Inviato da Maria il 23 Ott 2012 in blog, la serra delle parole | 2 commenti
“…esiste una strana forma di credenza, che io chiamo “animismo del giardiniere”. contemplando una pianta rachitica del nostro giardino diciamo:”Ha sete” oppure “Ha fame”e corriamo al capanno a cercare un innaffiatoio o una palata di concime. Arriviamo persino ad affermare cose come:”Questa rosa è abbastanza freddolosa”, oppure”Non ama il sole forte del Sud”. E così via. Il giardiniere- che sia il proprietario di un parco o l’orticoltore della domenica di qualche sobborgo di grande città- si rende conto di essere un “essere vivente” in mezzo a “esseri viventi”. Mediante ciò che fa rinnova il legame perduto con il selvaggio che sonnecchia nell’uomo civilizzato”
Cosa c’è di strano nell’animismo del giardiniere, cara giardiniera-e-molte-altre-cose?

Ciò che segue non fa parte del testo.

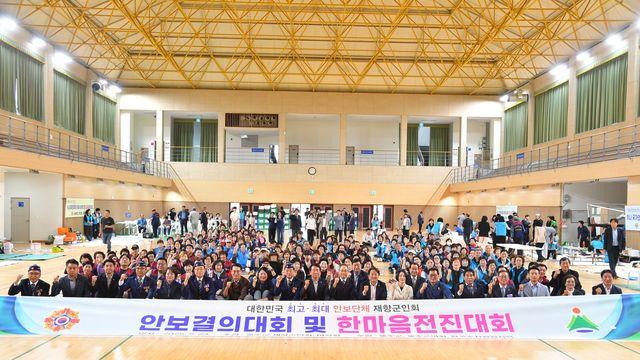 울주군 재향군인회, 안보결의·한마음전진대회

Siamo esseri viventi in mezzo ad esseri viventi, certo, e il fatto che noi siamo fisicamente animali e parliamo e scriviamo mentre le piante sono vegetali muti e immobili sono differenze (secondo me) in un certo senso secondarie. Differenze esteriori molto evidenti, certo, ma dentro, nel profondo delle reciproche “anime” umane, animali e vegetali, c’è, secondo me, una sostanziale unità di essere. Siamo tutti Vita, io, te, le rose del tuo giardino e i plumbaghi del nostro giardino di Sanremo, e questa Vita condivisa da tutti ci unisce e ci permette di comunicare reciprocamente, noi e le “nostre” piante. E conoscendole riusciamo – quasi sempre – a capire cosa ci dicono nel loro linguaggio, esattamente come riusciamo a capire cosa ci dicono i nostri animali, tu capisci Amalia io capisco Codamozza, tu capisci la tua rosa io capisco il mio plumbago. Mi pare ovvio.
mio caro, è ovvio a noi, ma purtroppo assolutamente estraneo ai più…e questo si legge continuamente nella realtà che ci circonda….”che bello spazio, avresti potuto farne un grandissimo parcheggio….”…allora vale la pena cercare consolazione nei pensatori dell’800, come Iorn, no?